Sunday, September 12, 2021

THE BLACK GLOVE (AKA FACE THE MUSIC)

 





This is another early 1950s Hammer film directed by Terence Fisher. THE BLACK GLOVE was the American title of the film, and the title of the version I saw on the Tubi streaming channel. The British title, FACE THE MUSIC, is far more appropriate. 

Alex Nicol is the imported American star this time for Hammer. He plays James Bradley, a trumpeter and bandleader playing a stint in London. After a show Bradley makes the acquaintance of a nightclub singer named Maxine (Ann Hanslip). Bradley has a meal at Ann's flat, then goes back to his hotel room for some much needed rest. He wakes up in the morning to find out that Ann has been murdered, and since he left his trumpet in her flat, he's become a prime suspect. Bradley decides to try and find the killer on his own, and his investigations lead him to a few shady characters. 
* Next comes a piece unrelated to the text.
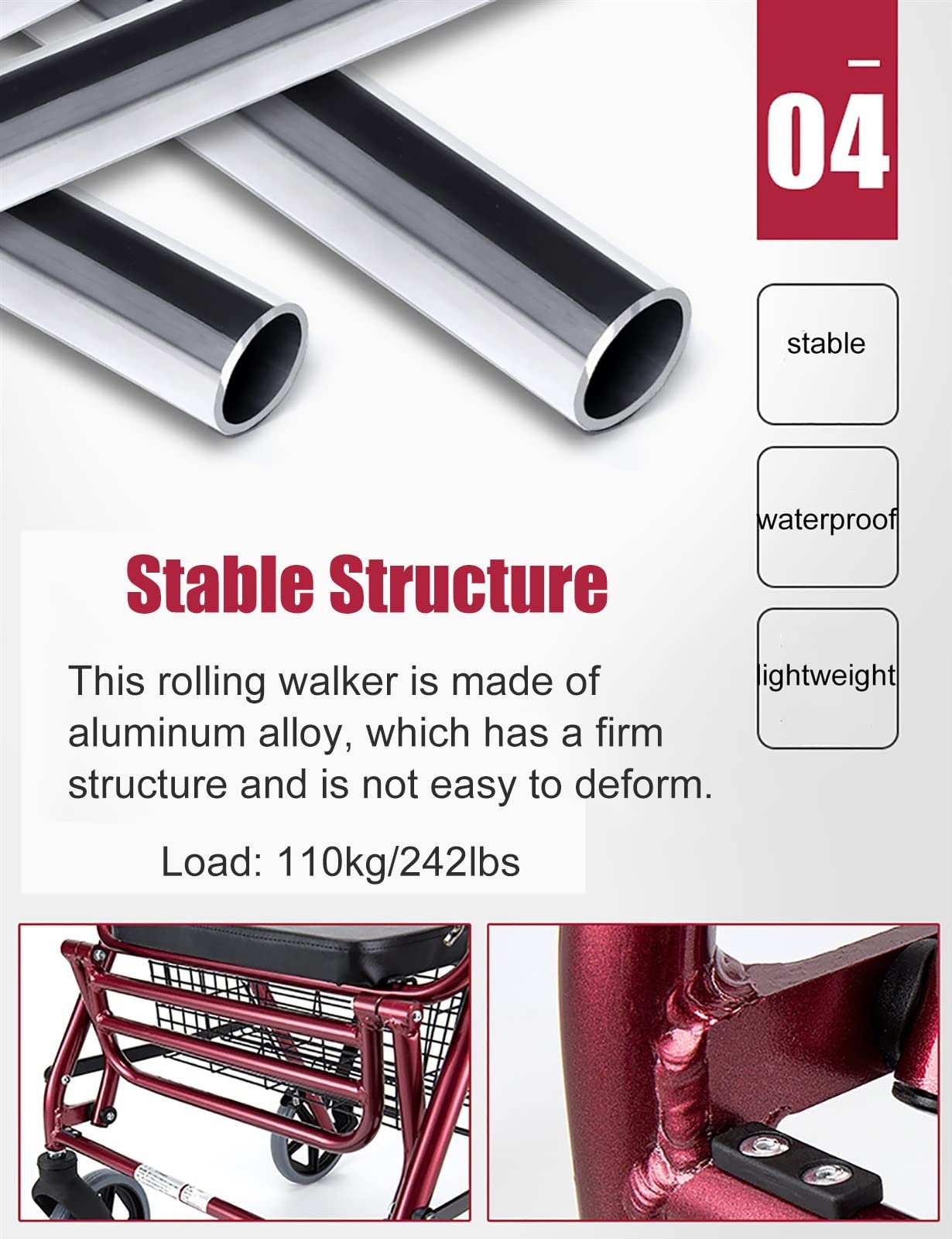 Andador rodante rojo con pie y asiento y cesta y frenos, carrito plegable para mujeres mayores con ruedas todo terreno, decoración de altura ajustable Safehappy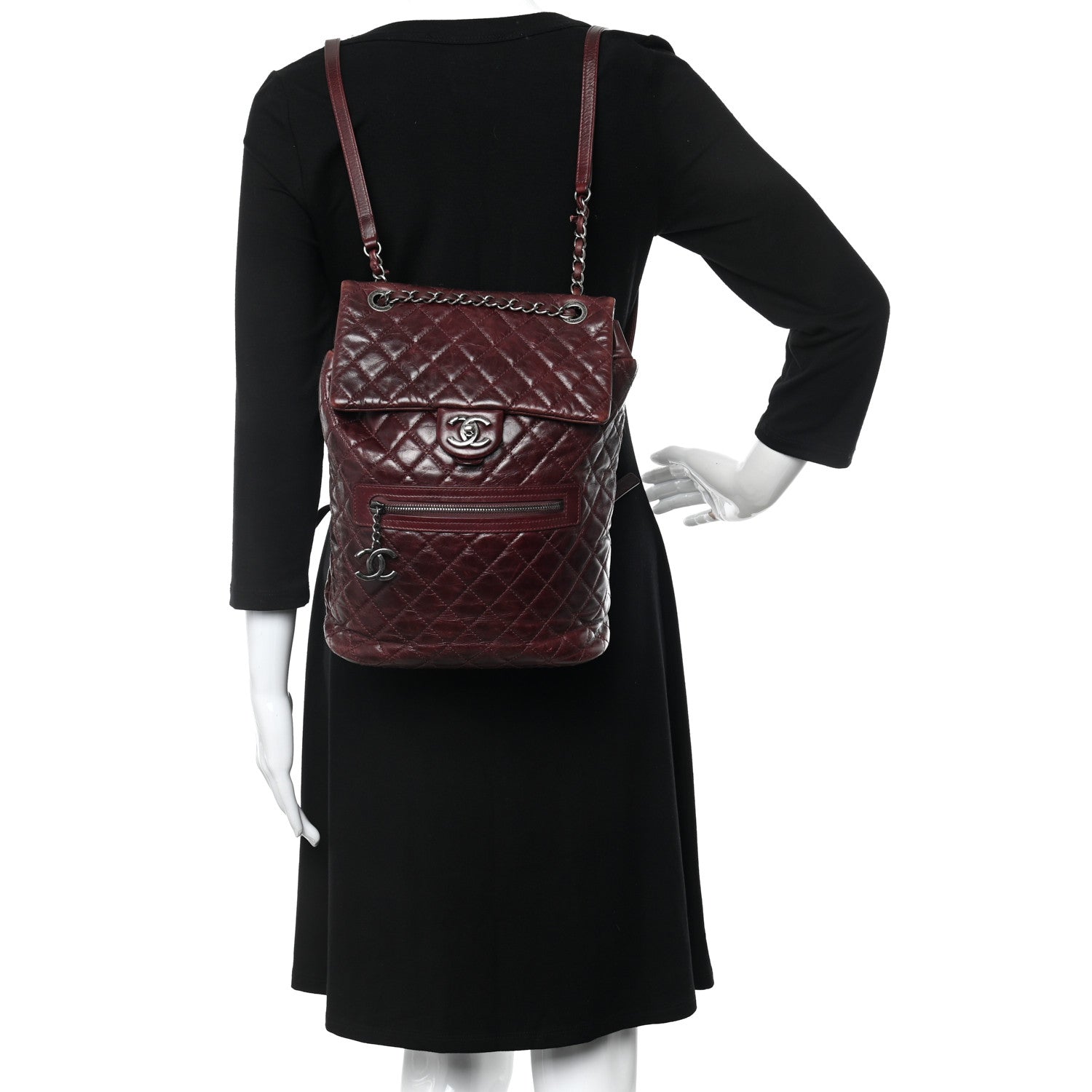 Chanel Glazed Calfskin Quilted Large Salzburg Backpack Burgundy 2 of 14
THE BLACK GLOVE (released in 1954) has more music than action scenes. At least the music (in the horn-heavy big-band style of the period) is very good, with trumpeter Kenny Baker doubling for Nicol on the soundtrack. (Producer Michael Carreras was a big jazz fan and even has a cameo in the film as a band member.) 

The use of music does make this movie stand out from the many other low-budget crime stories made by Hammer in the early Fifties. What it doesn't do is make the story's murder mystery any more thrilling. Alex Nicol's Bradley is a murder suspect, but he's not desperately on the run. He's also not a broken-down musician--he's famous and successful, headlining a show at the London Palladium. Alex Nicol plays Bradley in a somewhat breezy manner, negating the suspense the movie tries to have. 

Terence Fisher tries at times to inject some seedy atmosphere in the tale, but the story isn't hard-boiled enough, despite Nicol at times narrating the film like a noir anti-hero. The climax is like the final chapter of an Agatha Christie novel, with Bradley in a room with all the various suspects. The trumpeter then shows some amazing deductive ability by revealing who the killer is and what all the suspects have to hide. After seeing this sequence one wonders why Bradley doesn't put down his trumpet and put on a deerstalker. 

Eleanor Summerfield, who was in a number of Terence Fisher-directed films around this time, plays Maxine's sister. Geoffrey Keen. best known for playing a number of haughty British characters, has a very atypical (for him) role here. Hammer fans will recognize Fred Johnson (THE BRIDES OF DRACULA) as a police inspector and Melvyn Hayes, who was the young Baron in THE CURSE OF FRANKENSTEIN, in a blink-and-you'll-miss-him cameo as a bellhop. 

Americans must have felt from the poster above that THE BLACK GLOVE was a hard-edged crime thriller. It's not...it's more of a few strange days in the life of a popular bandleader.